Quentin no se atrevió a hacer más preguntas. Todo el asunto, desde la muerte de Jonathan, pasando por los acontecimientos de la biblioteca, hasta el descubrimiento de la runa de la espada, ya era bastante siniestro de por sí y llenaba de zozobra su joven corazón. Una parte de él -aunque pequeña- no habría tenido nada en contra si su tío le hubiera enviado de vuelta a Edimburgo. Pero otra -y sir Walter seguramente afirmaría que en ella se hacía patente la herencia de la familia Scott- le impulsaba a quedarse con su tío y colaborar con él en las investigaciones. Una insólita mezcla de miedo y ansias de aventura se había instalado en su interior y hacía que se sintiera como si un enjambre de avispas hubiera anidado en su estómago.

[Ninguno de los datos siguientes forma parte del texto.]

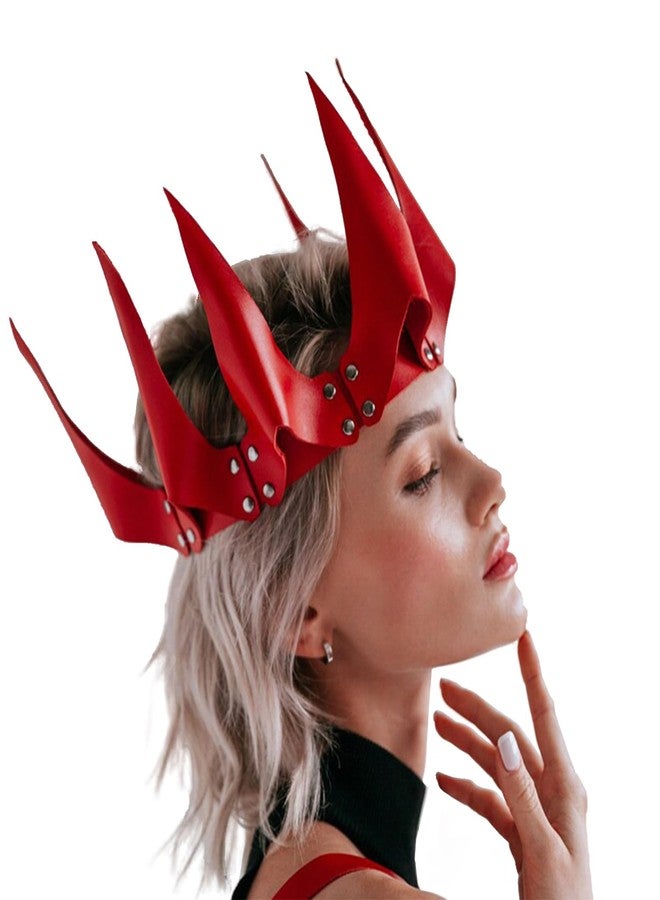 PURFUN Gothic PU Leather Crown Queen Princess Role Play Cosplay Hairbands Halloween Costume Headpiece Raves Birthday Party Punk Hair Garland Headband Headgear Dress-up Hair Accessory - Image 1
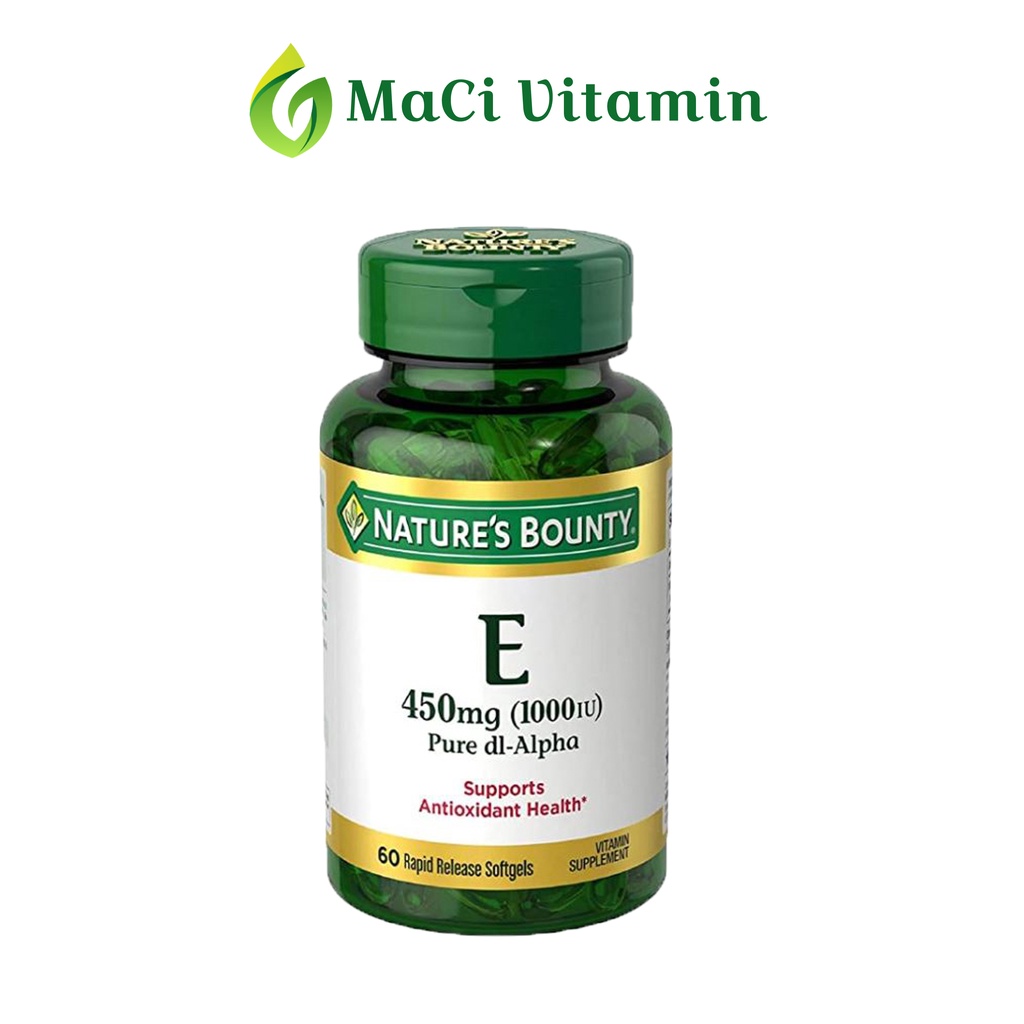 Vitamin E 400iu Nature’s Bounty 60 viên Tăng hệ miễn dịch, Chống oxy hóa MaCi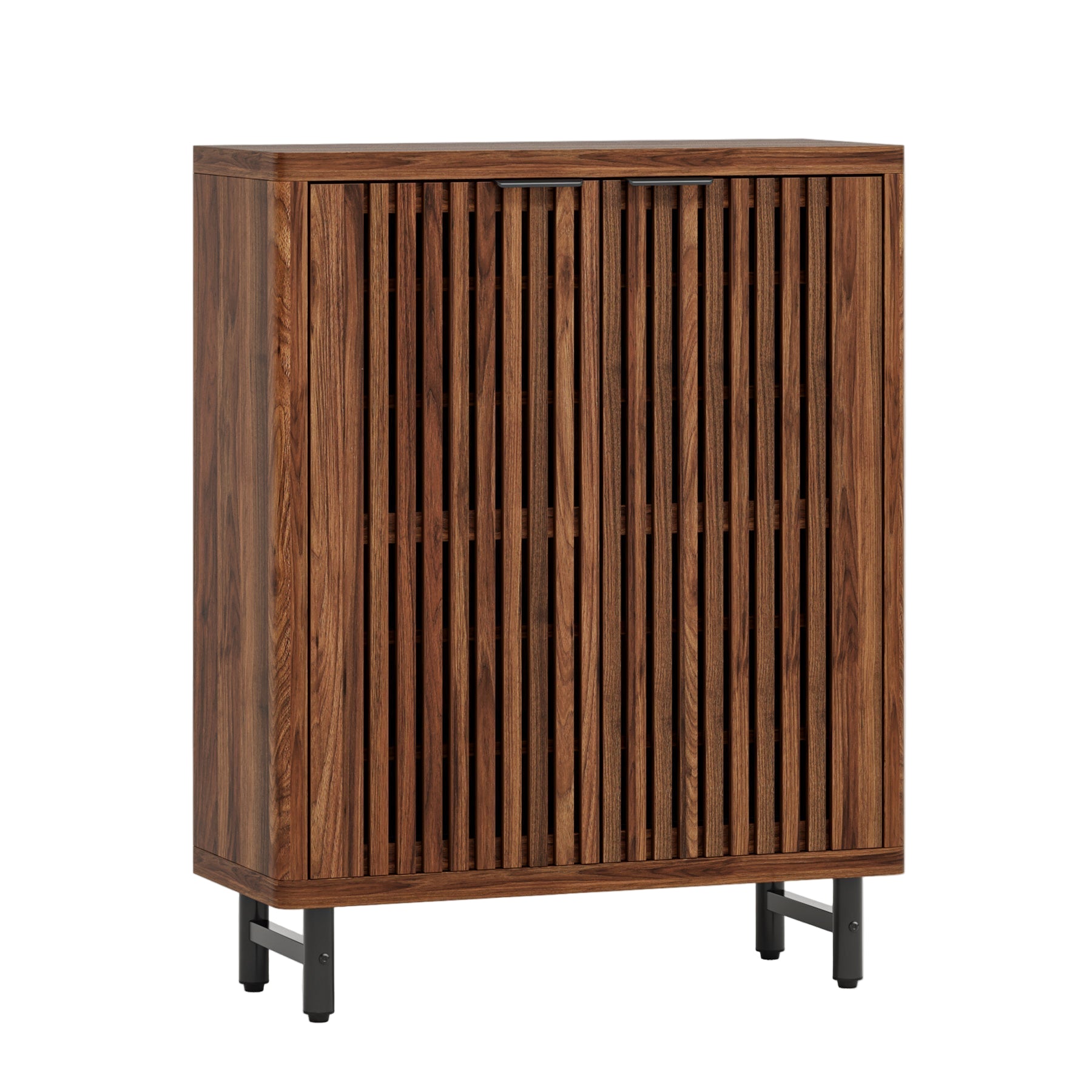 Tribesigns Zapatero de madera de 6 niveles con puertas de lamas y estantes ajustables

Bajaron por la calle principal hacia la iglesia, a la que estaba adosado el edificio del pequeño convento.

Como en Kelso solo vivían unos pocos premonstratenses, la casa era discreta y modesta. Cada uno de los hermanos de la orden se alojaba en una celda estrecha y sencillamente amueblada; había una sala capitular para las reuniones, y junto a ella se encontraba el refectorio donde solían comer los monjes. Un pequeño huerto conventual, en el que cultivaban verduras, patatas y hierbas aromáticas, les proveía de alimentos básicos, y además el duque de Roxburghe hacía sacrificar regularmente para ellos una vaca o un cerdo.

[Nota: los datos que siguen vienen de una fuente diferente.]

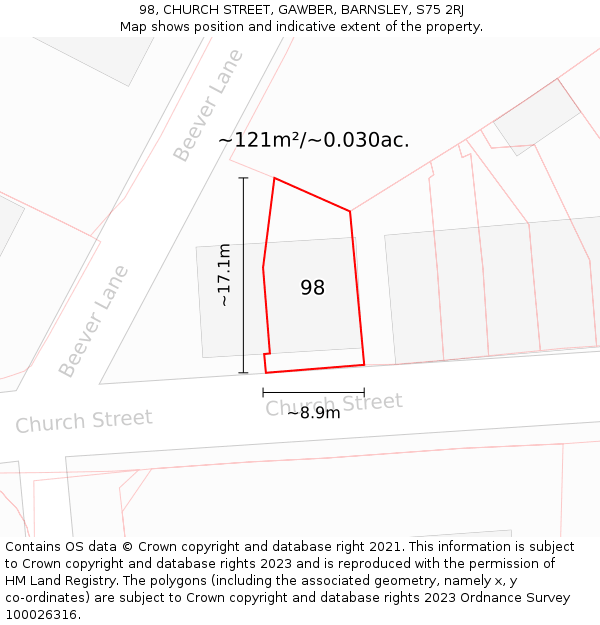 98, CHURCH STREET, GAWBER, BARNSLEY, S75 2RJ: Plot and title map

Aunque Quentin había estado ya muchas veces en la biblioteca, esta era su primera visita al convento propiamente dicho, y cuando llamaron al pesado portal de entrada, una extraña y profunda sensación de respeto le invadió. La puerta se abrió silenciosamente y apareció la cara severa de un monje de baja estatura a quien Quentin conocía como el hermano Patrick.

Sir Walter le pidió cortésmente disculpas por la molestia y preguntó si podían hablar con el abad Andrew. El hermano Patrick asintió, hizo entrar a los dos visitantes y les pidió que esperaran en el pequeño vestíbulo.

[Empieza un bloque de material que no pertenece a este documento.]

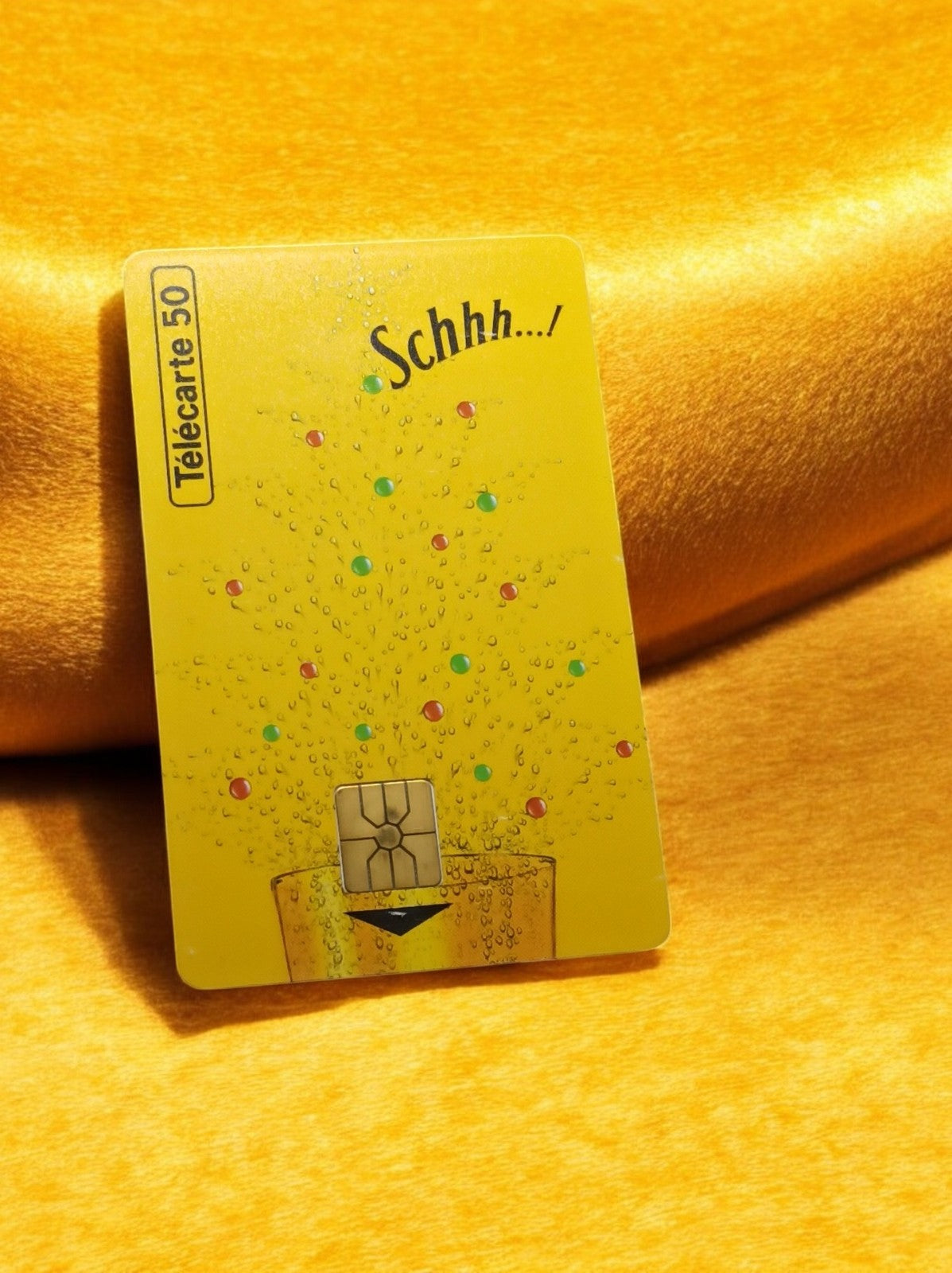 Carte téléphonique Télécarte 50 Schhh...! jaune vintage puce France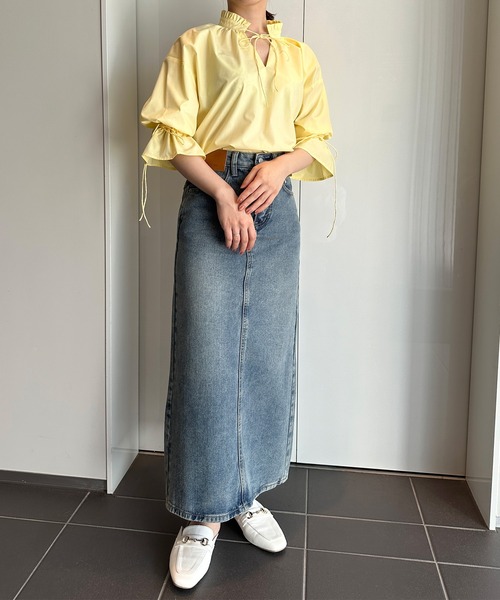 solleim(ソルレム)の「プチフリルリボンブラウス(シャツ/ブラウス・レディース・ブルー/オフホワイト/ブラック/イエロー・M)」の6枚目の写真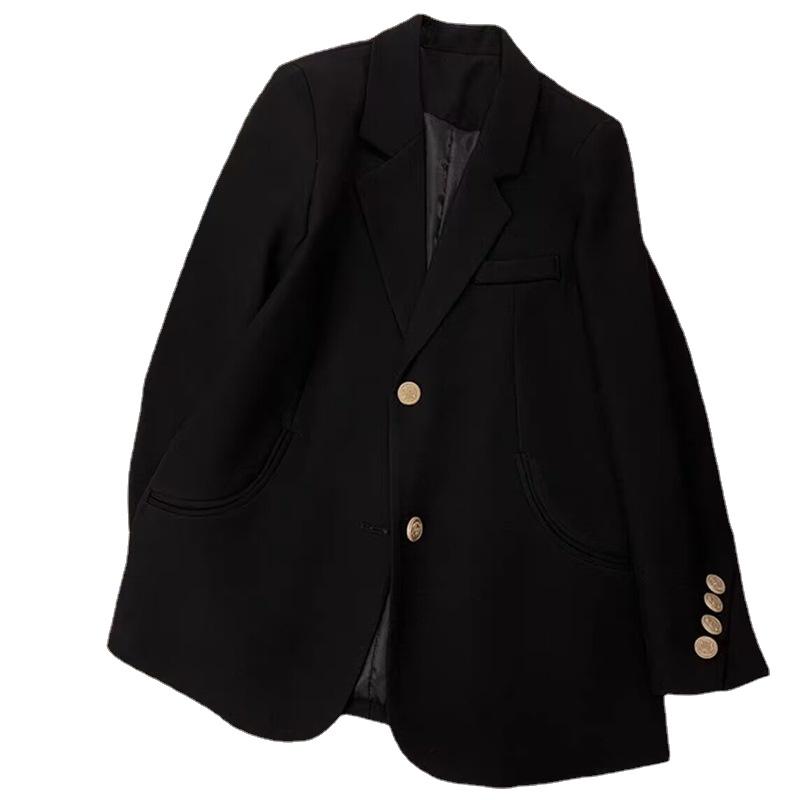 Damemote Uformell ensfarget blazerdrakt med lommer Langermet cardigan koreansk multifarger blazerjakke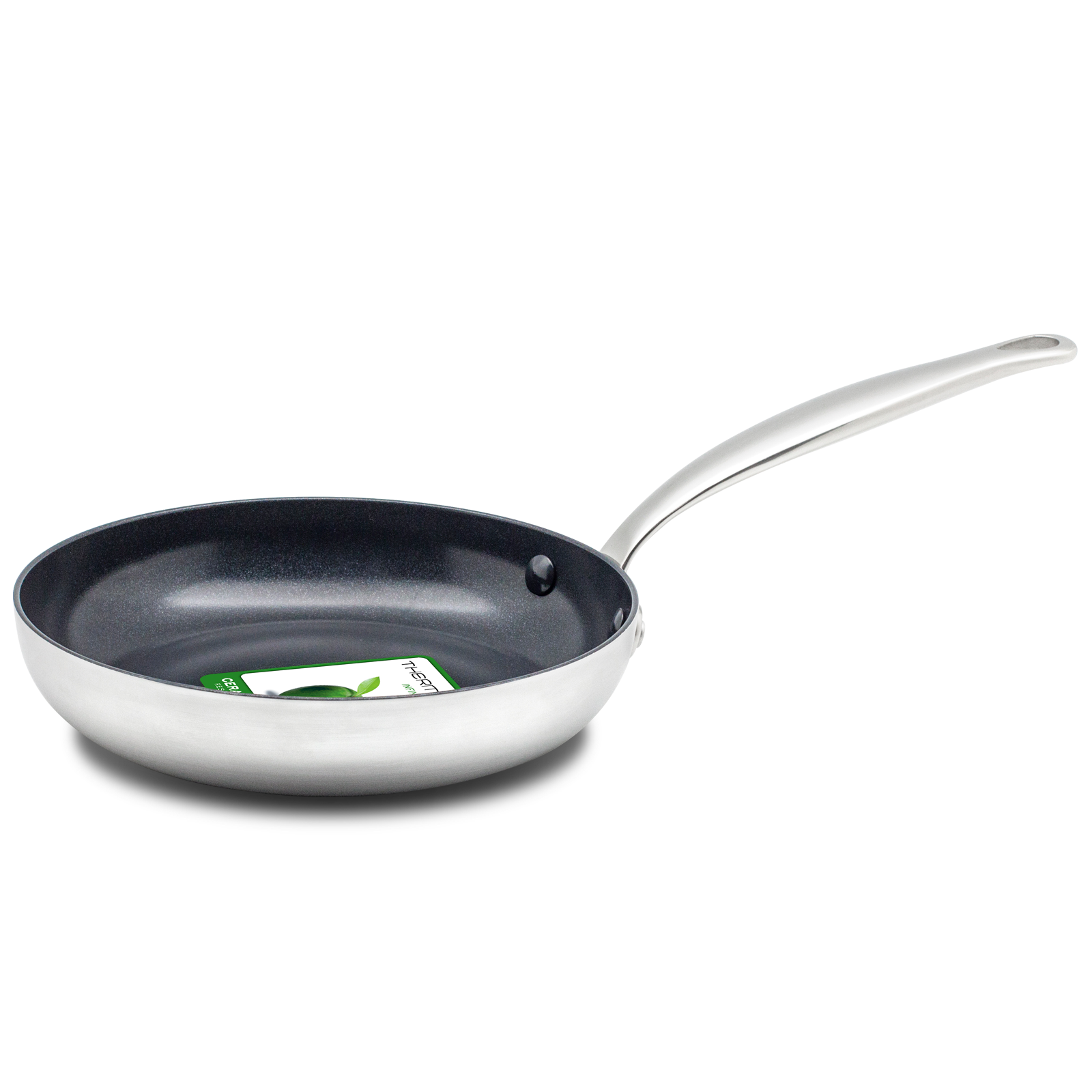 GreenPan Barcelona Evershine Braadpan 20cm zilver zijaanzicht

Mientras jugueteaba nerviosamente con su chistera, que se había quitado en señal de respeto, con las manos húmedas de sudor, Quentin levantó la mirada para contemplar el artesonado ricamente decorado con que estaba revestida la entrada. La casa, que desde fuera producía una impresión de pobreza, no dejaba adivinar aquella suntuosidad interior.

– El techo es una de las pocas piezas que pudieron salvarse de la abadía de Dryburgh -explicó sir Walter, que seguramente había percibido la sorpresa de Quentin-. Si miras bien, podrás reconocer aquí y allá manchas de hollín. Los ingleses no trataron con muchos miramientos la antigua abadía.

Quentin asintió. Recordaba que su tío le había hablado de los acontecimientos sangrientos que se habían producido durante el movimiento de reforma. En 1544, el inglés Somerset invadió el sur de Escocia con su ejército y durante tres años saqueó el país. La abadía de Dryburgh fue víctima de su furia destructora ya en el primer año de guerra, y desde entonces no había vuelto a reconstruirse. Solo una orgullosa ruina al norte de Jedburgh recordaba su antiguo esplendor. Súbitamente se oyeron pasos en el corredor y el abad Andrew apareció. Al ver a Scott y a su sobrino, una suave sonrisa se dibujó en sus rasgos ascéticos.